Вавель

Поделись знанием:
(перенаправлено с «Вавельский замок»)
Перейти к: навигация, поиск

Ва́вель (польск. Wawel) — холм и архитектурный комплекс в Кракове, на левом берегу Вислы. Высота — 228 метров над уровнем моря. Находится на территории административного района Дзельница I Старе-Място.

На вавельском холме расположен комплекс архитектурных памятников, из которых важнейшие — Королевский замок и кафедральный собор Святых Станислава и Вацлава. Вавель — символ Польши и место, имеющее особое значение для польского народа. Архитектурный комплекс находится под управлением учреждения культуры «Королевский замок на Вавеле — Государственное собрание искусства».





История

Раскопки показали, что уже в XI веке на месте Вавеля находилось укрепленное поселение племени вислян. Каменные укрепления начали возводиться Вацлавом II в 12901300 годах, а в XIV веке холм был перестроен Казимиром III Великим в готическом стиле. Около 1340 года стены замка и города были соединены.
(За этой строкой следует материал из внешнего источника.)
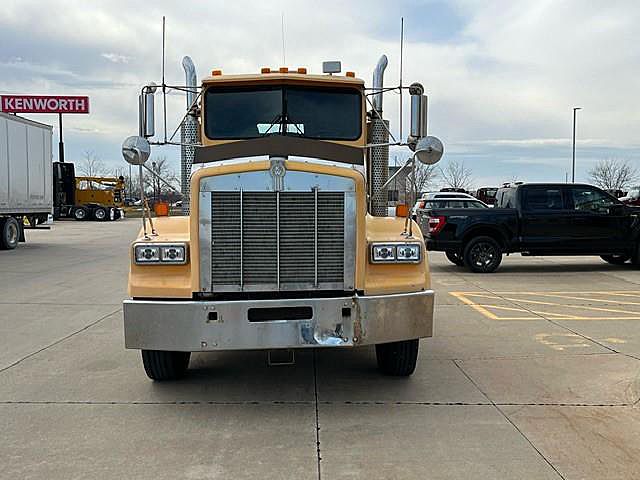 2000 Kenworth T800 (For Sale) | Day Cab | #0567372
После пожара 1499 года, Александр Ягеллон начал перестройку Вавеля, пик которой пришелся на время правления Сигизмунда I Старого. Однако, новый пожар в 1595 году приводит к частичному разрушению замка. В 1609 году Сигизмунд III Ваза оставляет замок, после чего начинается период упадка. Несмотря на это замок остаётся коронационным замком для польских королей.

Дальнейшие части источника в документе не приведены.